Closed mauriciopasquier closed 2 months ago
I read the Wikipedia post "robots.txt" and watched some videos on youtube, I think I understand the basics about the crawlers restriction but I haven't learned enough to figure out how I'd use it in this particular project. I don't think I'd restrict access to any specific file, but restricting AI crawlers from the whole website does sound rather tempting. Other than that I don't know what else I'd do.
I also explored the robots.txt of some websites like Wikipedia, Google, Youtube, and certain local pirate wiki -which doesn't have said file-. The Wikipedia file actually has comments for each set or restrictions explaining what are they for, or indications to not delete certain line, etc. -I guess the restriction management is also collaborative?- <3
On the other hand, I'm guessing there are ways to check for crawler behavior on your webpage or to detect unwanted interactions already happening?. I might research more about that later.
restricting AI crawlers from the whole website does sound rather tempting. Other than that I don't know what else I'd do.

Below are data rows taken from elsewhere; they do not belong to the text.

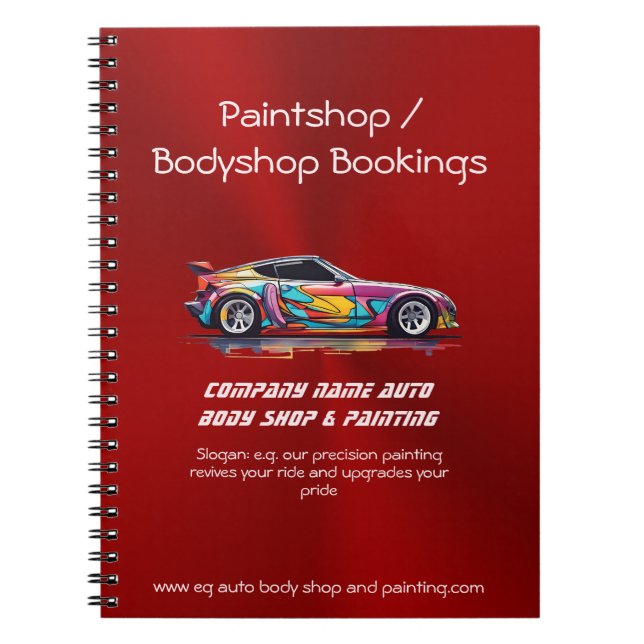 Auto body shop and precision painting notebook (Front)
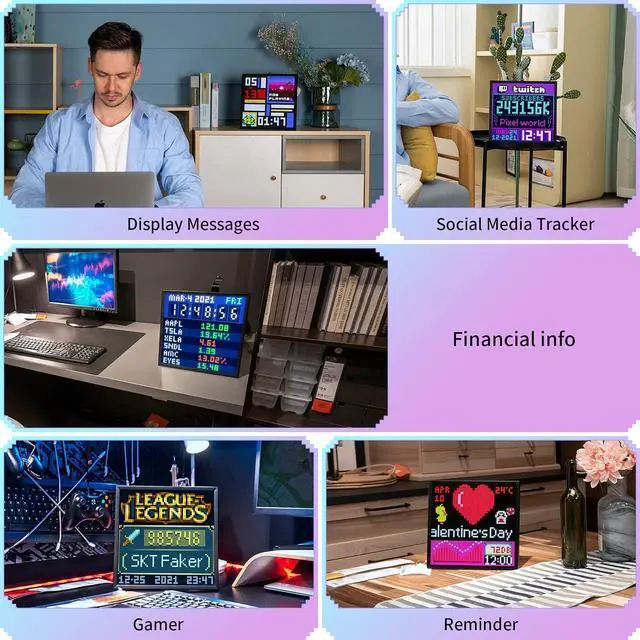 Alt view image 5 of 7 - Pixoo-64 - WiFi Pixel Cloud Digital Picture Frame with APP Control,64 X 64 LED Panel Display Frame for Gaming Room Decoration/Social Media Fans Counter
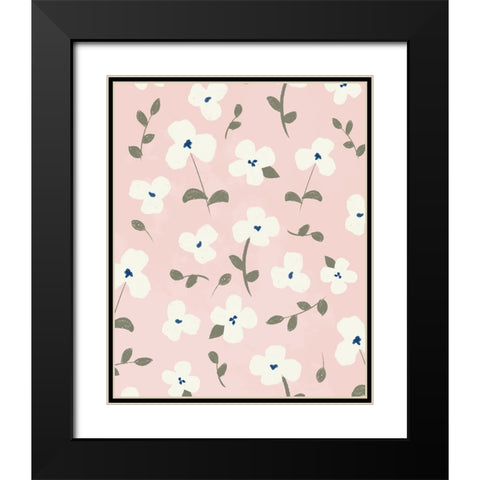 Fun Floral Toss Black Modern Wood Framed Art Print with Double Matting by Quach, Anna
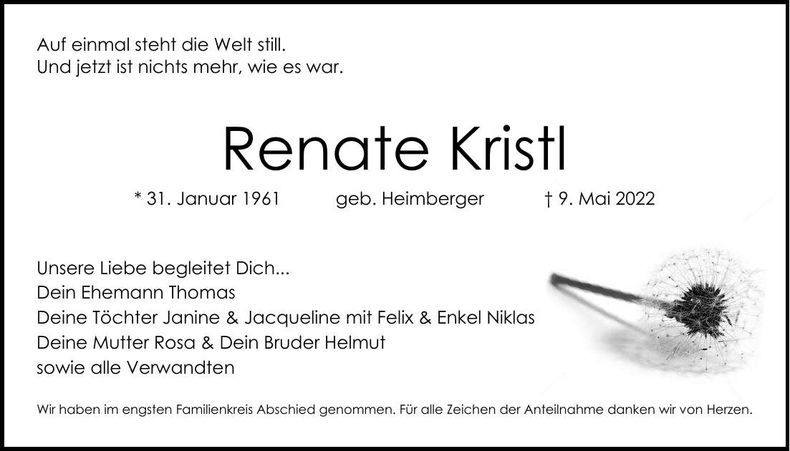 Traueranzeige Renate Kristl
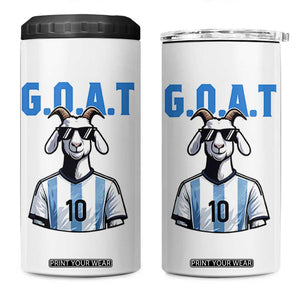 The Goat Of Soccer Number Ten 4 in 1 Can Cooler Tumbler Gift For Fans TS12 One Size: 16 oz White Print Your Wear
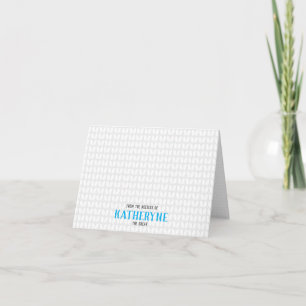 Sky Blue Personalised Knit Stitch Note Cards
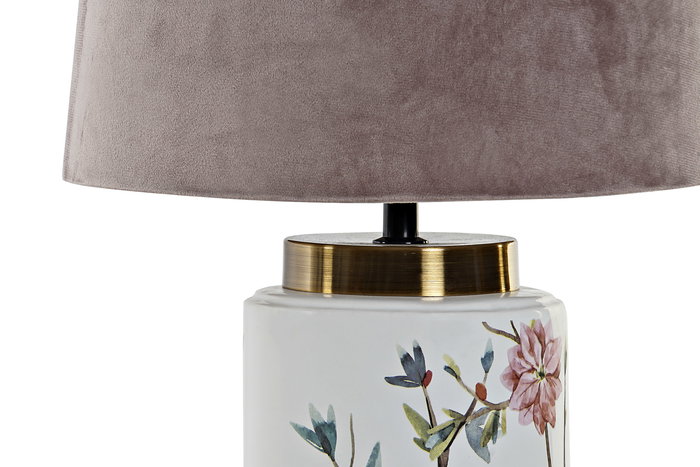 DKD Home Decor Lámpara Sobremesa Chic Verde Turquesa Pájaro Metal Poliéster Velvet Pantalla 28 x 50 x 28 cm (4 Unidades)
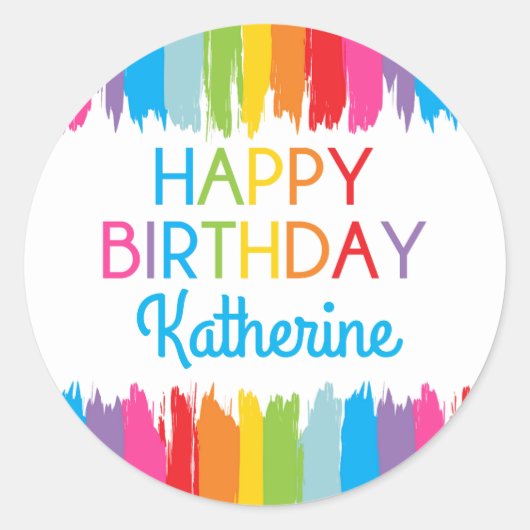 アート絵画の誕生日パーティステッカー ラウンドシール (正面)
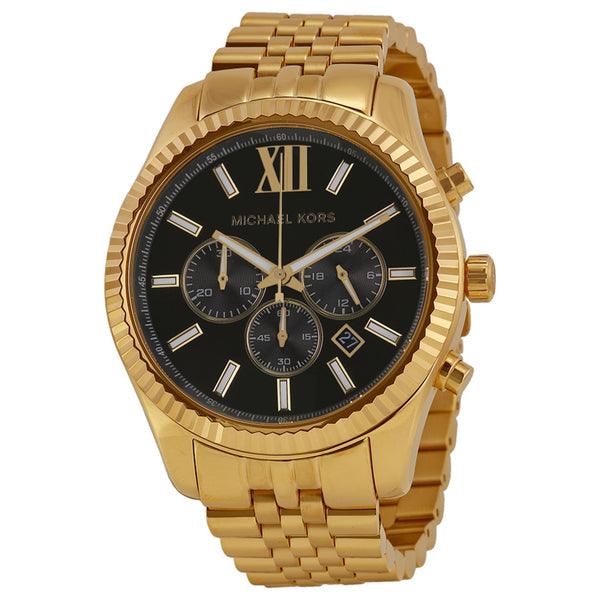 Michael Kors MK8286 Lexington Chronograph Black Dial Gold-Tone Watch - Obeezi.com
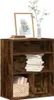 A wooden bookshelf with books and a plant. Produktbild-Vorschau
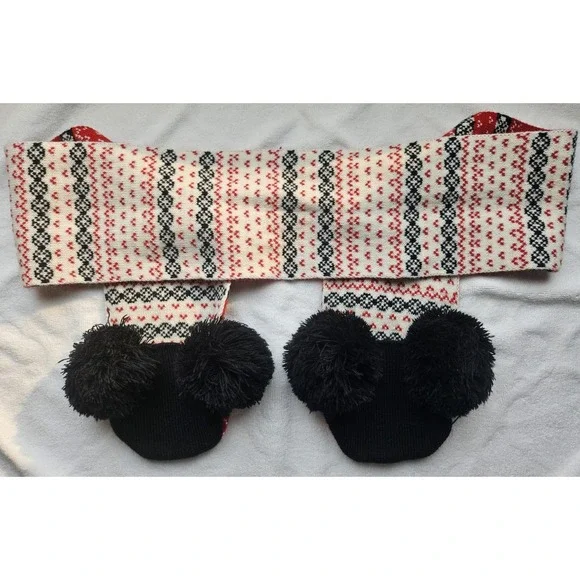 Disney Mickey Mouse PomPom Pocket Knit Winter Holiday Scarf Christmas Red White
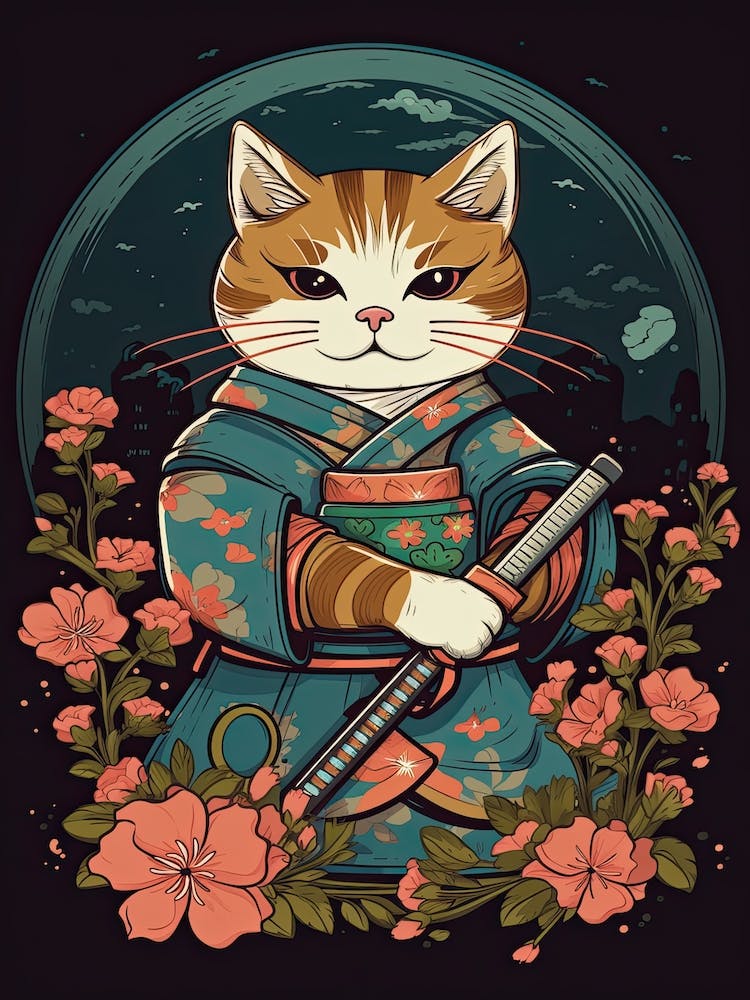 Cute Samurai Cat In The Style Of William Morris 1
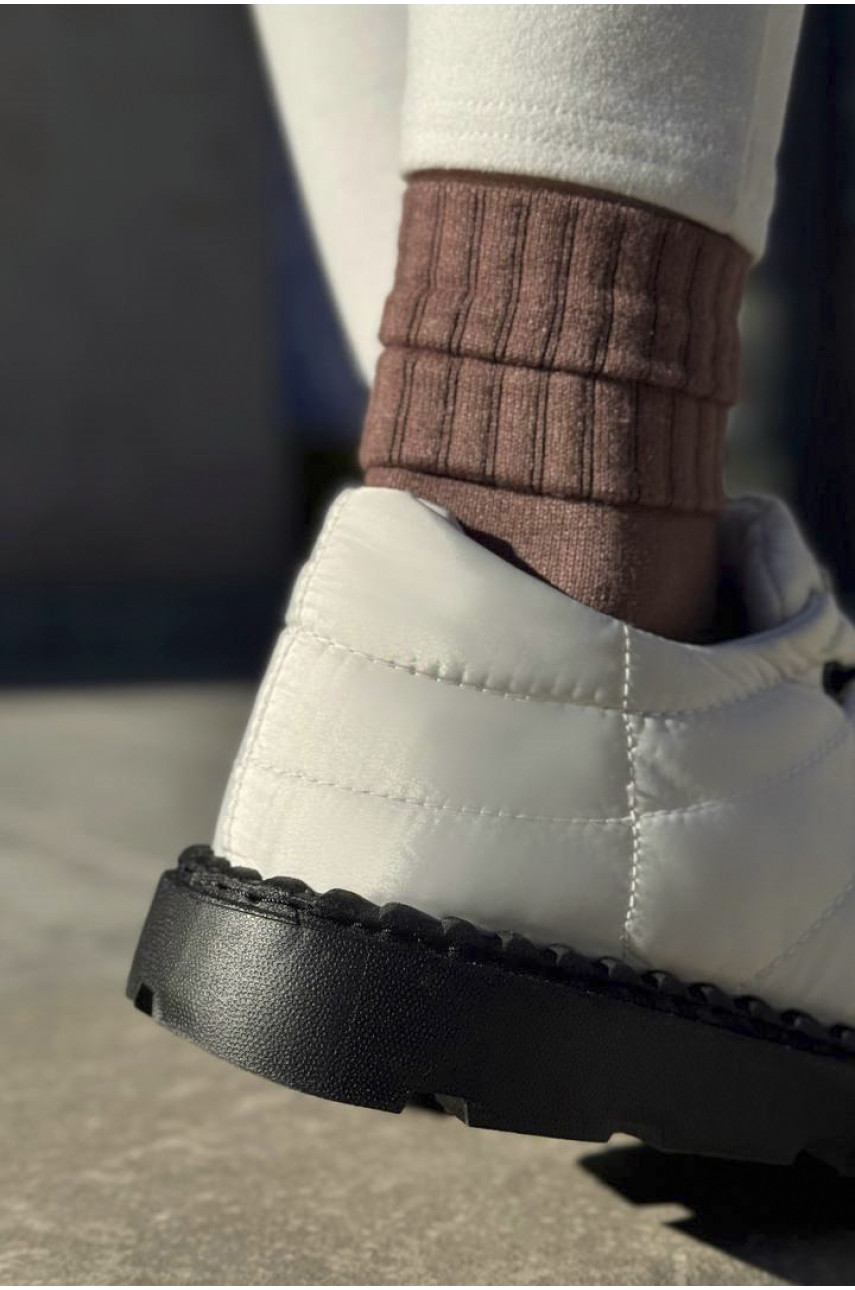 Туфлі жіночі на хутрі молочного кольору А61-3 194613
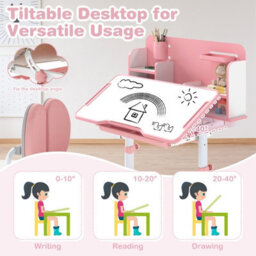 Gainoom Kid's Pink Study Desk & Chair Set Height-Adjustable Children Study Desk - thumbnail 6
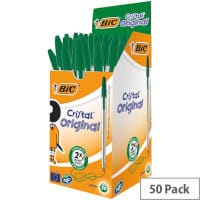 Bic Cristal Green Ballpoint Pens - Medium Tip, Clear Barrel, Pack of 50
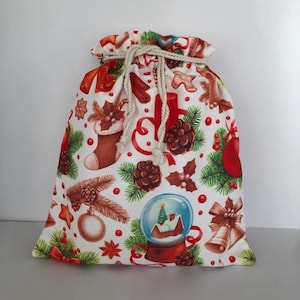 Handmade Christmas Stocking Fabric Gift Bag: Reusable Drawstring Tote (Large)
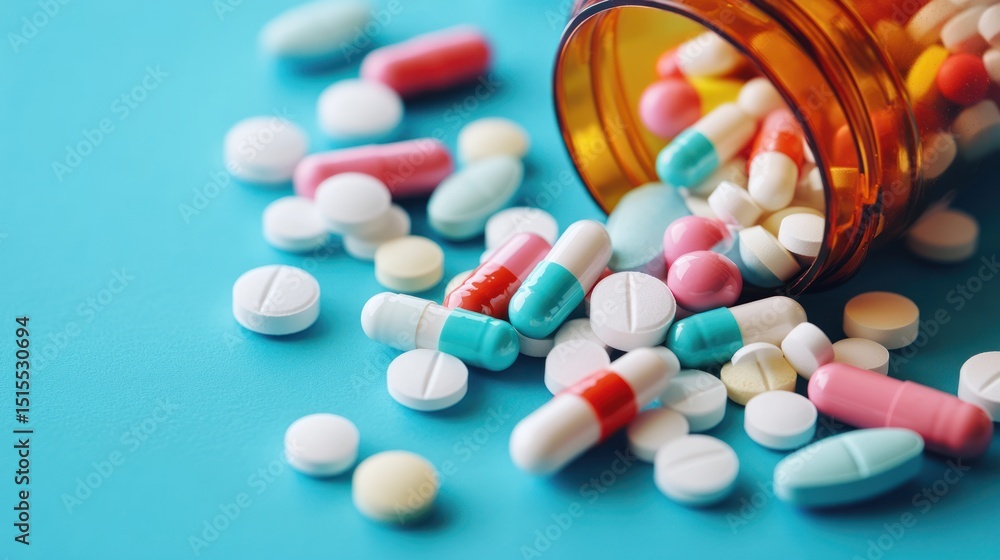 Colorful Pills and Capsules Spilling from a Bottle on a Turquoise Surface Colorful Pills and Capsules Spilling from a Bottle on a Turquoise Surface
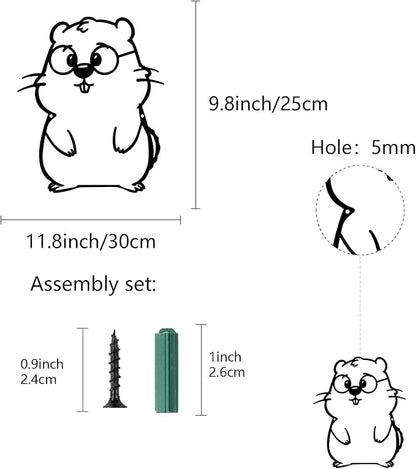 CREATCABIN Black Metal Animal Wall Decor Groundhog Day Sign Black Iron Rustic Animals Groundhogs Art Decoration Signs Cutout for Happy Groundhog Day Party Home Office Living Room 11.8 x 9.8 Inch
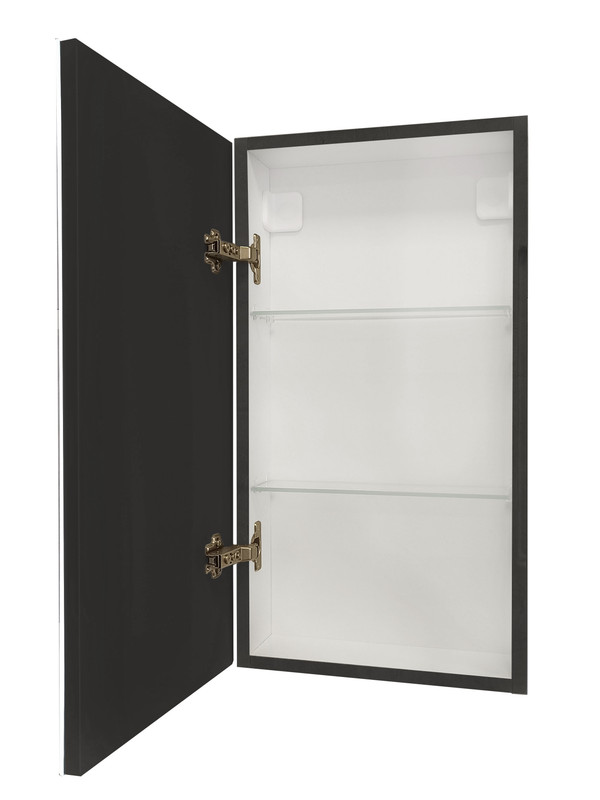 Зеркало-шкаф Mirror Box black Led 350х650 левый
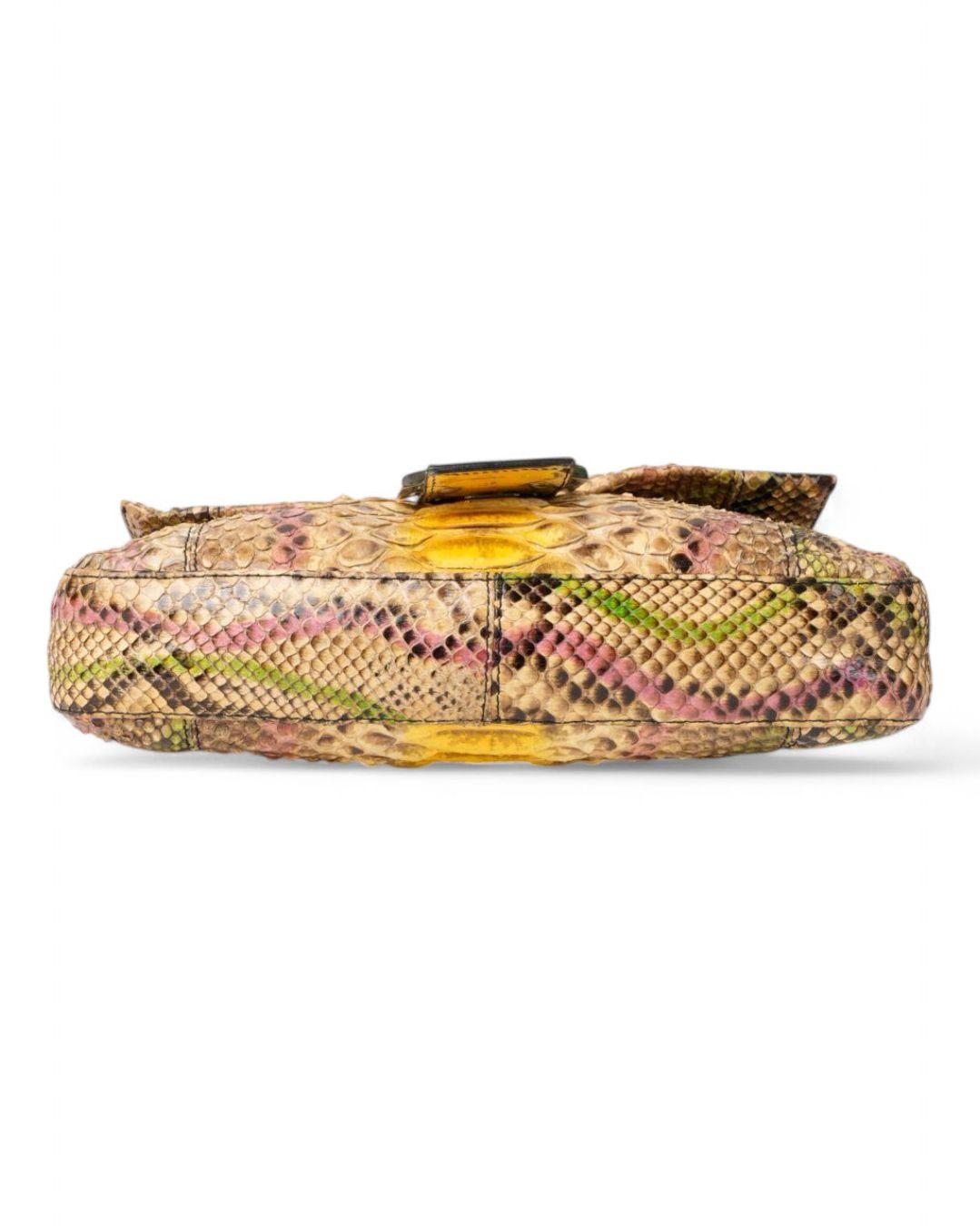 Fendi Baguette MM Pitón Multicolor Amarillo 2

That's more than enough for me! The idea was to do something very deployment-related while also learning a bit about web history ^^
The Wikipedia file actually has comments for each set or restrictions explaining what are they for, or indications to not delete certain line, etc. -I guess the restriction management is also collaborative?- <3
Awesome, I never thought of checking the wikipedia file! I assume the comments are for other sysadmins though, I don't think regular users have access to that
On the other hand, I'm guessing there are ways to check for crawler behavior on your webpage or to detect unwanted interactions already happening?. I might research more about that later.
Yes, but that would be for a sysadmin role and I think out of the scope of this project :P
And add a basic robots file.